## [EXERCISE REQUIREMENTS]
Would you reproduce exactly the lines below from the one holding "Boîte rectangulaire en" through the one holding "Il luogo dell'inicdente", inclusive, and no others?

## [DATA SUPPLIED]
*****

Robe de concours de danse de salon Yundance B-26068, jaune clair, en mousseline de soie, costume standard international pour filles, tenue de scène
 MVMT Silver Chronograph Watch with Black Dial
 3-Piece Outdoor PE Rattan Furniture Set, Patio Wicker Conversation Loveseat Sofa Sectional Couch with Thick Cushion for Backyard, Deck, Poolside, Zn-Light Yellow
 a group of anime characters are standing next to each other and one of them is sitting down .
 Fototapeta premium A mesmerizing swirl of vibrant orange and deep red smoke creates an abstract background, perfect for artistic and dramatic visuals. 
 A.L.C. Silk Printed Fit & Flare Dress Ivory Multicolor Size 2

*****

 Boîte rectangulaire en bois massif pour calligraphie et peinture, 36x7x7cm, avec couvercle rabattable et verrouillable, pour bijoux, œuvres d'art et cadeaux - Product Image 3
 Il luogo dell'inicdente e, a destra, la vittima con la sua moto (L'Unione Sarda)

*****

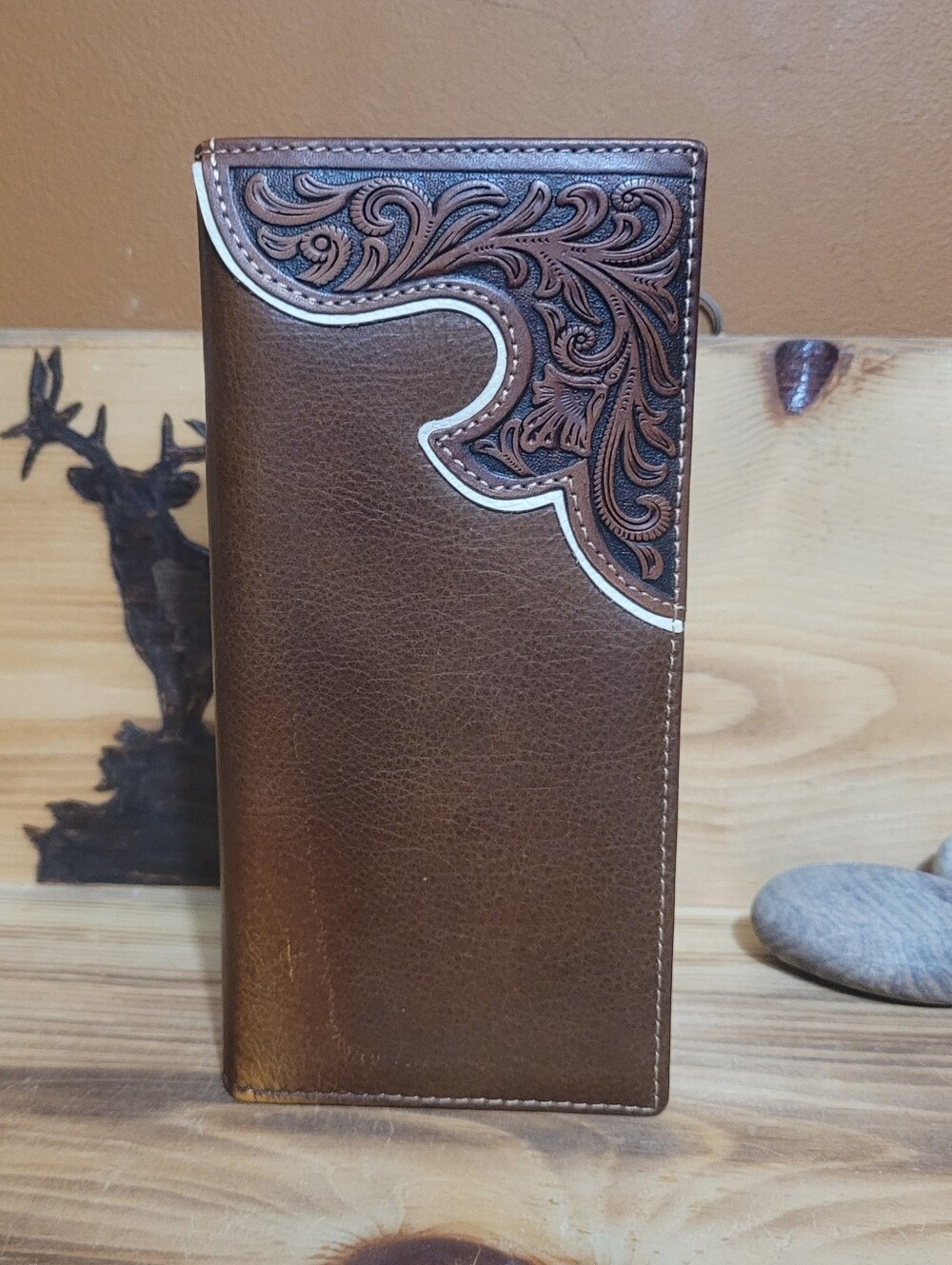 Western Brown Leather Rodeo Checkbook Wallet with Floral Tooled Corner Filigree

*****

## [OUTPUT FOR THIS TASK]
 Boîte rectangulaire en bois massif pour calligraphie et peinture, 36x7x7cm, avec couvercle rabattable et verrouillable, pour bijoux, œuvres d'art et cadeaux - Product Image 3
 Il luogo dell'inicdente e, a destra, la vittima con la sua moto (L'Unione Sarda)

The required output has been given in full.